WEERSVERWACHTING

Snoeiregels

Kijk voor het snoeien eerst goed naar de vorm van de struik of boom en probeer deze vorm te handhaven. Vraag eventueel raad aan een ervaren tuinier om goed te kunnen snoeien en het model te krijgen dat u wenst.

Zorg voor gladde snoeiwonden. Rafelige randen en afgescheurde takdelen maken de plant vatbaar voor infecties. Houd snoeiwonden zo klein en glad mogelijk. Snoei zo dat er bij een open struik voldoende licht en lucht in de kroon kan doordringen.

Haal ‘wilde scheuten’ die uit de ‘wilde’ onderstam en wortels ontspruiten, weg. Ze kunnen het ‘edele’, erop geënte deel gaan overheersen omdat ze harder groeien. Snoeien van wilde scheuten helpt niet, behalve bij rozen. In alle andere gevallen de wilde scheuten bij de aanzet van de wortels of stam losscheuren.

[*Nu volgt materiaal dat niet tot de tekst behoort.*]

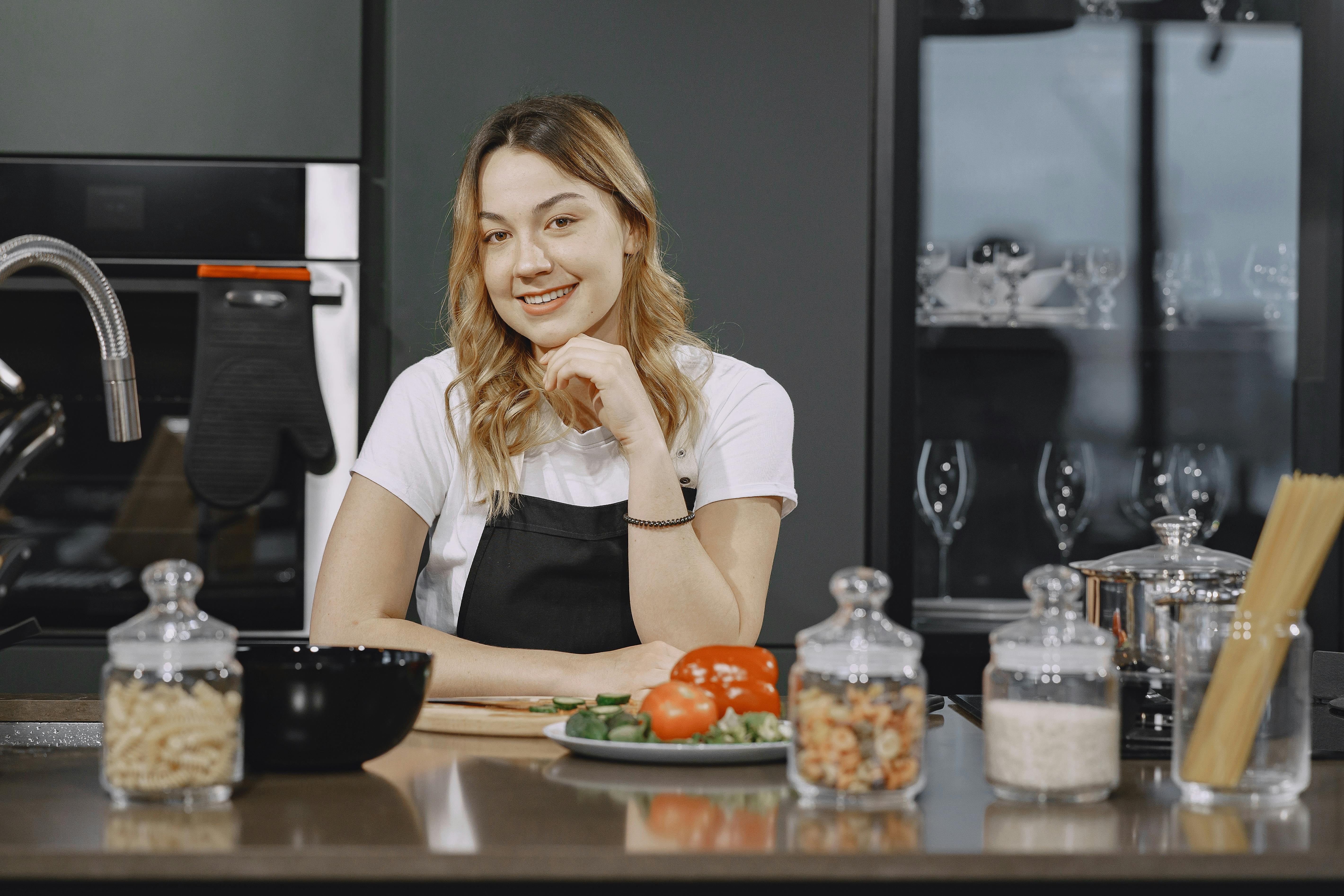 home cooking kitchen hacks — Photo by Gustavo Fring on Pexels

Zorg voor evenwicht tussen oude en nieuwe takken als u verjongingssnoei toepast. Snoei tijdig om te voorkomen dat een struik te groot wordt. Gebruik goed, scherp en schoon gereedschap om te snoeien.

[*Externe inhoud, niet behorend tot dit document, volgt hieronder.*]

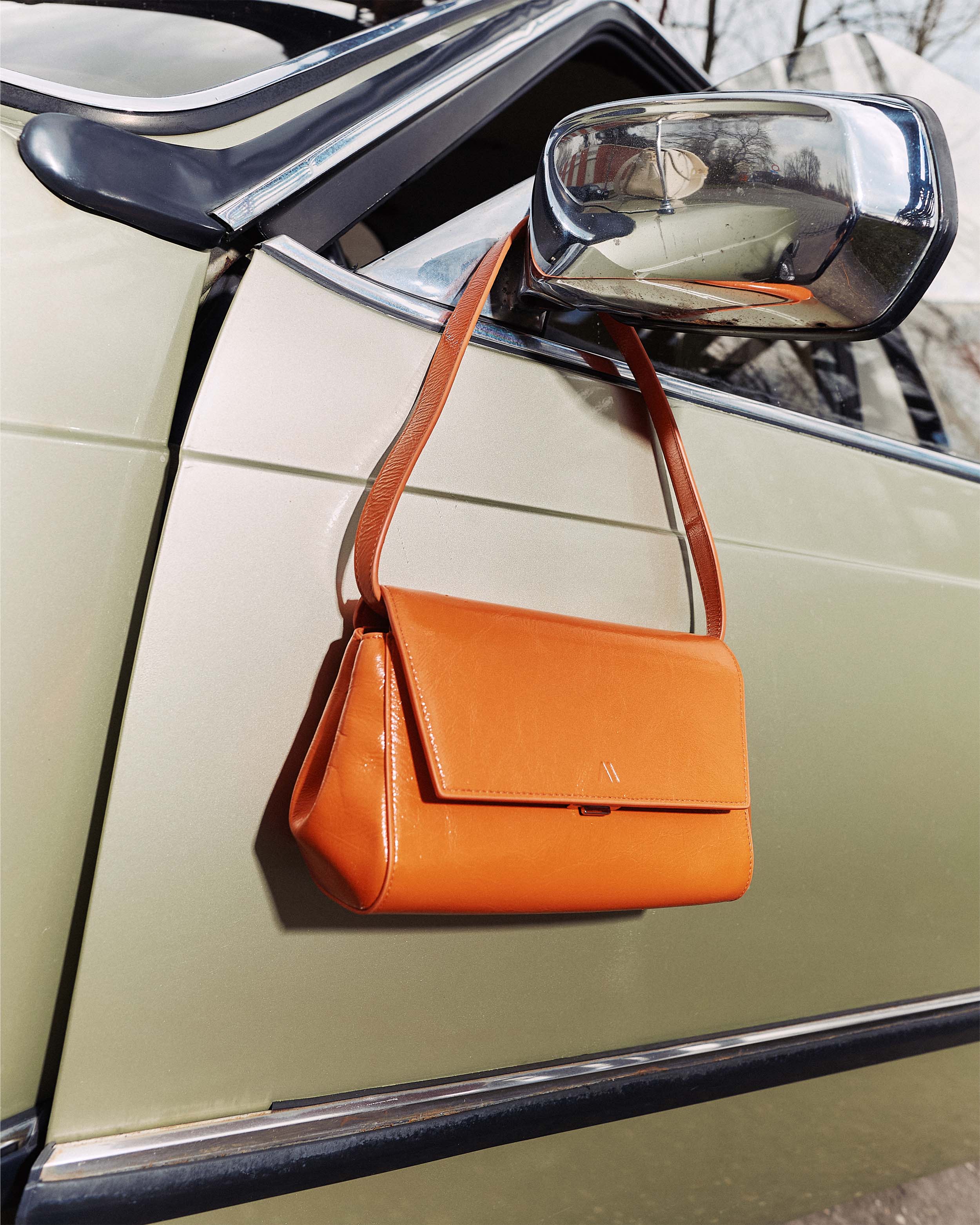 Ikon Clutch - naplack papaya - Image 6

Ruim snoeiafval altijd direct op

Gezond snoeiafval kan in de compostbak. Ziek materiaal altijd in de GFT-bak doen, niet zelf composteren anders verspreidt u de ziekte verder in de tuin. Fabriekscompost is altijd ziekte- en kiemvrij. Bij zelf gemaakte compost krijgt u dat meestal niet voor elkaar omdat de te composteren hoeveelheden te klein zijn om de procestemperatuur hoog genoeg te laten oplopen.